I have no idea how to disconnect the main line from the well.  But this evening my daughter was showering and came down saying there was no water at all.  I switched my softener to bypass and she had plenty of pressure then.  So I called the place where I got the softener.  They asked me if the clear pvc tubing that goes from the softener head to the drain was kinked like a garden hose and sure enough it was.  He was sure that was the problem.  He suggested I get some pvc pipe tomorrow that won't bend and replace the tubing with that.  He also had me run through some cycling on the head of the unit thinking that the resin was getting hard or something since the unit couldn't properly flush during it's cycles.  

I thought I was going to be home free but after opening up the tubing to let it complete the cycle my pressure was still very low.  I then put it back on bypass and it really didn't seem to do anything.  So, is this normal?  I mean, if I replace the tubing with nonbendable pipe will it eventually work itself out through a few cycles with the resin?  Thanks.


----------



## inspectorD (Apr 26, 2011)

I have a question, How old is your house or when was it built?
I'm wondering if you have galvanized (silver or black) water supply lines which block up over time.
And why did they put a water system in in the first place, are you on a well with hard water, or do you just not like municipal water?


----------



## gswartz (Apr 26, 2011)

The house was built in 1999.  We're on a well and have very hard water with some iron so we put in the softener a couple of months ago.  From what I can see it looks like a plastic tube coming into the house from outside and down to the pressure tank.  I don't see any galvanized anywhere.


----------



## Speedbump (Apr 26, 2011)

After the softener backwashes a few times, it should get back to normal.  Or you can manually backwash it several times.  It usually takes around 2 hours for a softener to go through a full backwash.  I would just do it twice then give it a try.  If that don't work, you must have some really bad water.


----------



## inspectorD (Apr 26, 2011)

I agree, Backwash a few more times. And if it does not get better, you may need to change the medium.
1999 should be copper or plastics. Should be just fine, I was just trying to eliminate any other possibilities we did not see yet.
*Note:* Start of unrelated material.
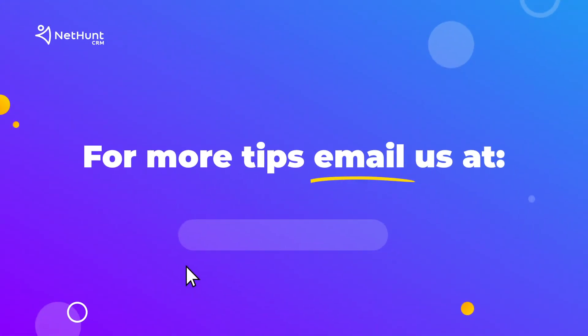That's it for today. If you need more tips, feel free to email us at support at nethunt.com.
I just do not get why it was not ok that one time you also bypassed the filters? I would clean out all the aerators and see if they have junk in them.


----------



## kaleena (Jul 28, 2011)

One more thing to note is that water lines coming from the municipal supply are larger and have a greater diameter. Lines that go from your house to the main municipal lines have smaller diameters. When water travels through all these lines, it experiences a lot of friction from the walls of the pipes. It could be that a very small length of pipe, installed from your home to the next line, is causing excess friction and thus slowing the overall flow of water.


----------